Anna Klöpper schaut zu, wie Achtklässler sich mit Hass im Netz auseinandersetzen: Was Mobbing mit einem macht
Die Jungs aus der 8b schauen die Journalistin ein bisschen befremdet an. Hate Speech, was’n das. „Wir sind nett zueinander“, sagt Leon treuherzig. Dienstagmorgen in der Freien Schule in Pankow, ein Workshop der Deutschen Kinder- und Jugendstiftung und der Telefónica-Stiftung zu Hass im Internet und wie man damit umgeht. In Kleingruppen sitzen die Jugendlichen zusammen und sollen sich zunächst mal überlegen, wo ihnen Mobbing im Netz begegnet. „Ich fand die Beleidigungen in unserem Klassenchat echt sinnlos, da hab ich mich abgemeldet“, sagt einer.
Das Workshop-Projekt tourt durch mehrere deutsche Städte, diese Woche ist Station an fünf Berliner Schulen. Neben Cybermobbing geht es grundsätzlich um die Themen Zusammenhalt und Vielfalt: am Neuköllner Albert-Schweitzer-Gymnasium haben Schüler am Montag eine Website für anonymisierte Bewerbungsverfahren entworfen, sodass Geschlecht oder Herkunft keine Rolle spielen, ob jemand ein Vorstellungsgespräch bekommt.

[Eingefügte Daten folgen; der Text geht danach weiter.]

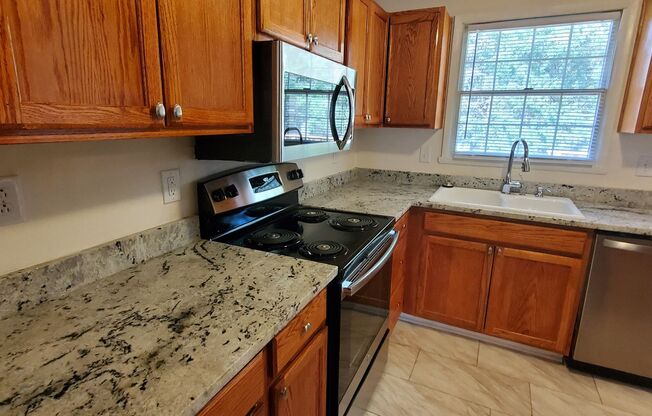 Beautiful Home Available for Rent in Charlotte, NC in Carmel Area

Nun kann man zu Recht kritisieren, dass ein Konzern wie Telefónica, zu dem etwa O2 gehört, an den Schulen präsent sein darf. Man kann sich zu Recht fragen, warum solche Angebote nicht über die gemeinnützigen Träger im Gewaltpräventionsprogramm der Senatsbildungsverwaltung laufen.

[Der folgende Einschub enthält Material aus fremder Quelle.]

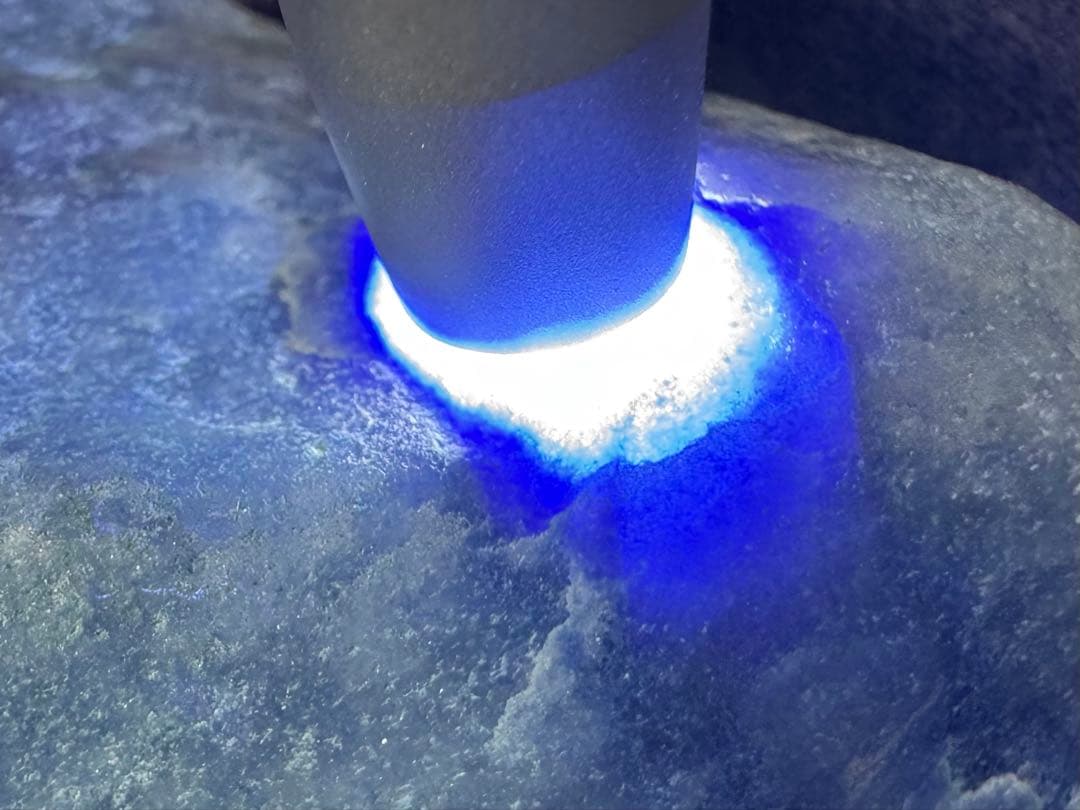 水晶 翡翠 ヒスイ 石英 クォーツ 天然石 青石 鑑賞石 観賞石 木製台座付き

Sinnvoll ist das Anti-Hate-Speech-Projekt aber allemal. Die Statistik der Bildungsverwaltung zu gemeldeten Gewaltvorfällen an den Schulen zeigt seit einigen Jahren eine steigende Tendenz bei Mobbing und Beleidigungen. Und was uns da besonders Sorgen macht, sagen Schulpsychologen und Lehrer unisono, sind Smartphones, die die Jugendlichen gerne als Waffe der Wahl benutzen.
„Den Jugendlichen muss klar sein: Was ihr da macht im Netz, das hat sehr reale Konsequenzen“, sagt Sandro Brandl, der als Medienpädagoge an der Pankower Schule arbeitet. Dafür soll auch das Anti-Hate-Speech-Projekt sensibilisieren: „Wir wollen den Jugendlichen bewusst machen, was Mobbing mit jemandem macht und sie motivieren, sich mit eigenen Ideen dagegen einzusetzen“, sagt Projektmitarbeiterin Lisa Benezan.

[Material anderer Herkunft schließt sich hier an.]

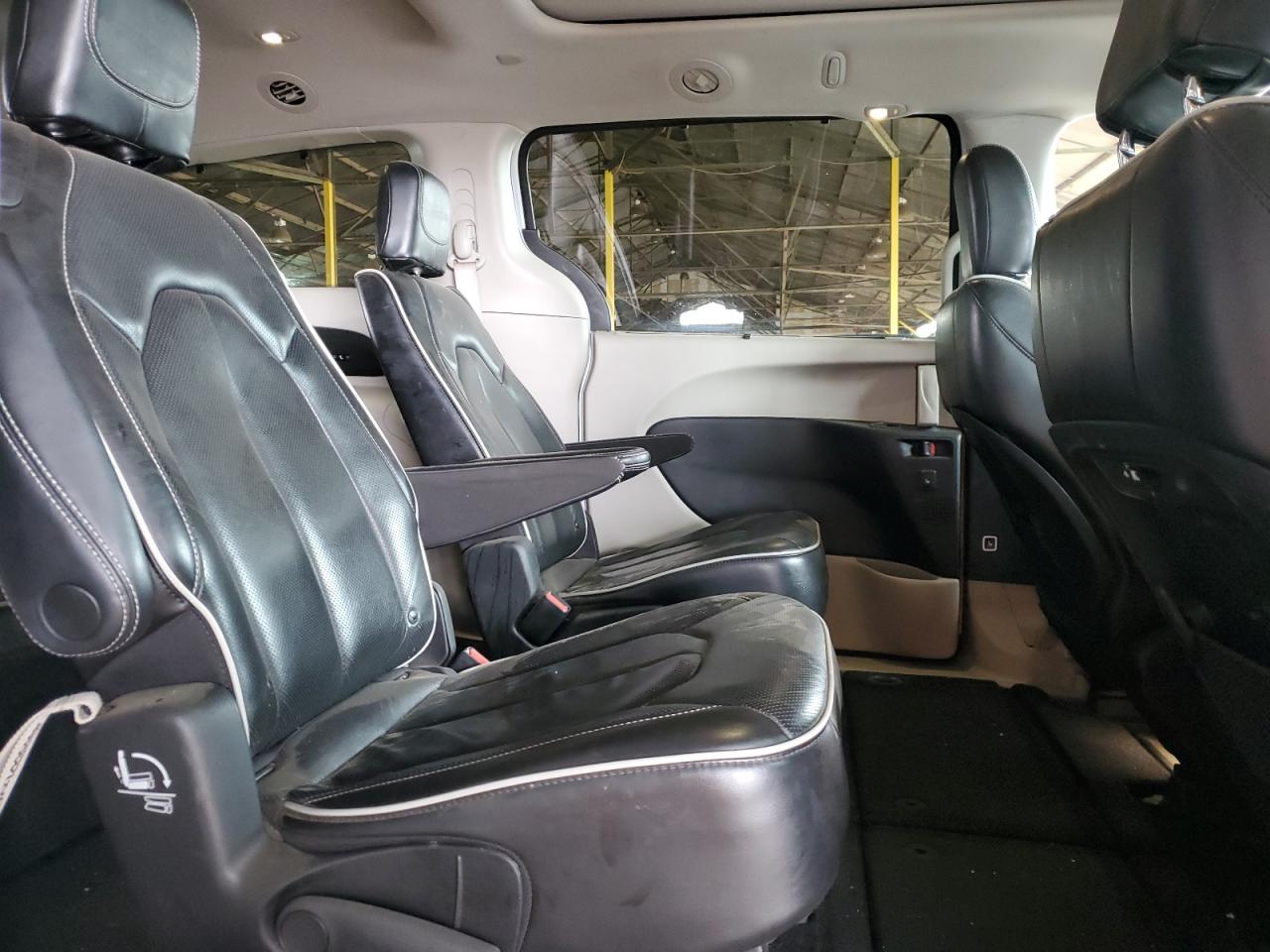 2022 Chrysler Pacifica - Image 12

Marlene aus der 8b steht im Treppenhaus. Sie trägt gerne bauchfreie Tops, Mitschüler haben sie deshalb Schlampe genannt. Jetzt dreht sie mit drei Jungs aus ihrer Klasse ein Video, das zeigen soll, wie sie sich gefühlt hat: Sie läuft die Treppe runter, „Nutte“ rufen die Jungs. Sie zieht die Schultern hoch und wird ganz klein. Was Mobbing eben mit einem macht.